### Task instructions
Each line of the data must be reproduced as it appears.

Web page caption snippets
- - -
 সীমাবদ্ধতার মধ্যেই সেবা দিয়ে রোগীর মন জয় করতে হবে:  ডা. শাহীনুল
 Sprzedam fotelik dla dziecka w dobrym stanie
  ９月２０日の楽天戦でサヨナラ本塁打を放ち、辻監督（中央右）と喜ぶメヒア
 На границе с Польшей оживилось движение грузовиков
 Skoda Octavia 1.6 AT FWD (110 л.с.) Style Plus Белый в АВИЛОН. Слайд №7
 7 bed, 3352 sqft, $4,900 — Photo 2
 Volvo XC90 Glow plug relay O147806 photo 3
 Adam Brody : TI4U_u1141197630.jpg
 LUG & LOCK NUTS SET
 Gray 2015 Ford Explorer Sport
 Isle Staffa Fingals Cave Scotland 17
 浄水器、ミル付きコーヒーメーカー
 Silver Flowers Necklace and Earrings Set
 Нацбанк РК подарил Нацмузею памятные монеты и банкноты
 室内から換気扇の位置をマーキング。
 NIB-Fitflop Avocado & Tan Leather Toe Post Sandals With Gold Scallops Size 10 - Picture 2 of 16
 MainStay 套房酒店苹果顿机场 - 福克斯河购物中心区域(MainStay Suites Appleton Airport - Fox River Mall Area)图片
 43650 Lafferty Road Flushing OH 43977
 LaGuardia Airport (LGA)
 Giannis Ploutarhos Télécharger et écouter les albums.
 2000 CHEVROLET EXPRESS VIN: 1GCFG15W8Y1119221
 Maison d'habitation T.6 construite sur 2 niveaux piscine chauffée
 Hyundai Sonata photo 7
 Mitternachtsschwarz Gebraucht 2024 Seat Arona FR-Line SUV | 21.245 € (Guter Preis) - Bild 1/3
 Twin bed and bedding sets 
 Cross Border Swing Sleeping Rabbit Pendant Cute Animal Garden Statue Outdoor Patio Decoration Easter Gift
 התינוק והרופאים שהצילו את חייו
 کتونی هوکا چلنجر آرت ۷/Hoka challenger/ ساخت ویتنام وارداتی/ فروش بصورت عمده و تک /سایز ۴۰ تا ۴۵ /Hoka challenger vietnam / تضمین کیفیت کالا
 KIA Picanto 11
- - -
### Answer space
 সীমাবদ্ধতার মধ্যেই সেবা দিয়ে রোগীর মন জয় করতে হবে:  ডা. শাহীনুল
 Sprzedam fotelik dla dziecka w dobrym stanie
  ９月２０日の楽天戦でサヨナラ本塁打を放ち、辻監督（中央右）と喜ぶメヒア
 На границе с Польшей оживилось движение грузовиков
 Skoda Octavia 1.6 AT FWD (110 л.с.) Style Plus Белый в АВИЛОН. Слайд №7
 7 bed, 3352 sqft, $4,900 — Photo 2
 Volvo XC90 Glow plug relay O147806 photo 3
 Adam Brody : TI4U_u1141197630.jpg
 LUG & LOCK NUTS SET
 Gray 2015 Ford Explorer Sport
 Isle Staffa Fingals Cave Scotland 17
 浄水器、ミル付きコーヒーメーカー
 Silver Flowers Necklace and Earrings Set
 Нацбанк РК подарил Нацмузею памятные монеты и банкноты
 室内から換気扇の位置をマーキング。
 NIB-Fitflop Avocado & Tan Leather Toe Post Sandals With Gold Scallops Size 10 - Picture 2 of 16
 MainStay 套房酒店苹果顿机场 - 福克斯河购物中心区域(MainStay Suites Appleton Airport - Fox River Mall Area)图片
 43650 Lafferty Road Flushing OH 43977
 LaGuardia Airport (LGA)
 Giannis Ploutarhos Télécharger et écouter les albums.
 2000 CHEVROLET EXPRESS VIN: 1GCFG15W8Y1119221
 Maison d'habitation T.6 construite sur 2 niveaux piscine chauffée
 Hyundai Sonata photo 7
 Mitternachtsschwarz Gebraucht 2024 Seat Arona FR-Line SUV | 21.245 € (Guter Preis) - Bild 1/3
 Twin bed and bedding sets 
 Cross Border Swing Sleeping Rabbit Pendant Cute Animal Garden Statue Outdoor Patio Decoration Easter Gift
 התינוק והרופאים שהצילו את חייו
 کتونی هوکا چلنجر آرت ۷/Hoka challenger/ ساخت ویتنام وارداتی/ فروش بصورت عمده و تک /سایز ۴۰ تا ۴۵ /Hoka challenger vietnam / تضمین کیفیت کالا
 KIA Picanto 11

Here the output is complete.